Rendre contraignant le vote des actionnaires reviendra à réécrire le droit des sociétés en donnant plus de pouvoir à l’AG, au détriment du conseil d’administration. Une conséquence assumée par le député. « Nous considérons que l’actionnaire est le propriétaire de l’entreprise. Nous voulons redonner ses lettres de noblesse à un capitalisme entrepreneurial. L’assemblée est un lieu de démocratie ; le conseil, de l’oligarchie », a expliqué Sébastien Denaja. Des propos en réponse à ceux de Pierre Gattaz, président du Medef, de vendredi dernier : « L’AG n’est pas un parlement, elle n’a pas le droit d’amendement, son vote n’est pas exécutoire. » Afep et Medef avaient alors proposé que le vote de l’AG ne soit plus seulement consultatif mais « impératif », un concept inconnu en gouvernance, mais qui signifiait que le conseil d’administration devait absolument tenir compte de ce vote. Les conséquences d’un « non » risquaient de différer. « Là, si le conseil d’administration s’affranchit de la décision de l’AG, ce sera au juge de trancher », a souligné Sébastien Denaja.
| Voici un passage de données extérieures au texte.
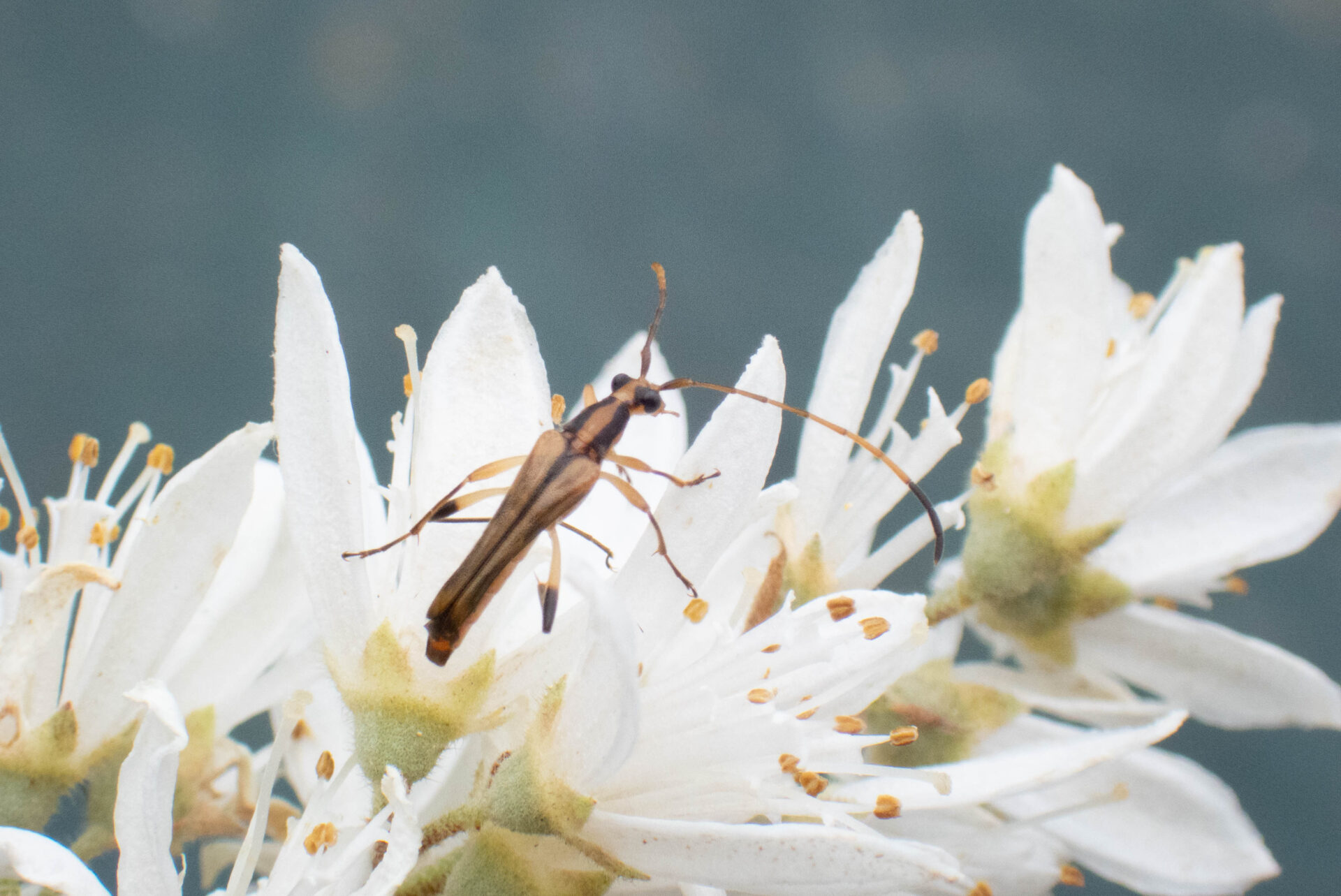 フォトギャラリー：ミヤマホソハナカミキリ - (2)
D’autres socialistes ont élevé la voix sur ce sujet. Selon « Libération », Karine Berger, une des premières signataires de « L’appel des 40 au CAC 40 », demandant la limitation à 100 SMIC du salaire des patrons, aurait proposé un amendement dans le cadre de la loi Sapin 2, pour limiter le variable au salaire fixe. Pour des avocats en droit des affaires, juridiquement, tout plafonnement pourrait se heurter à un refus du Conseil d’Etat, car contraire à la liberté privée d’entreprendre. Des traders ont certes vu leur bonus plafonné à deux ans de fixe, mais, dans les banques, il y a un risque systémique, qui peut aller contre l’intérêt général. Ce n’est pas le cas dans d’autres secteurs.
Cadre juridique incertain
Sur le papier, rendre contraignant un vote d’AG est possible. Cela revient à élargir les pouvoirs des actionnaires et techniquement à modifier le Code de commerce. Mais dans les faits, comment remettre en cause un package promis à un dirigeant par des administrateurs ? Les avocats craignent les conséquences d’un cadre juridique aussi incertain. Comment attirer un dirigeant étranger ou même garder un Français si ses émoluments peuvent être annulés ensuite ? « De plus en plus de dirigeants vont consulter pour savoir comment s’expatrier ou comment transformer une société en société européenne », assure un avocat en droit des sociétés. Cela met, au tout premier plan, la question de l’attractivité de l’Hexagone.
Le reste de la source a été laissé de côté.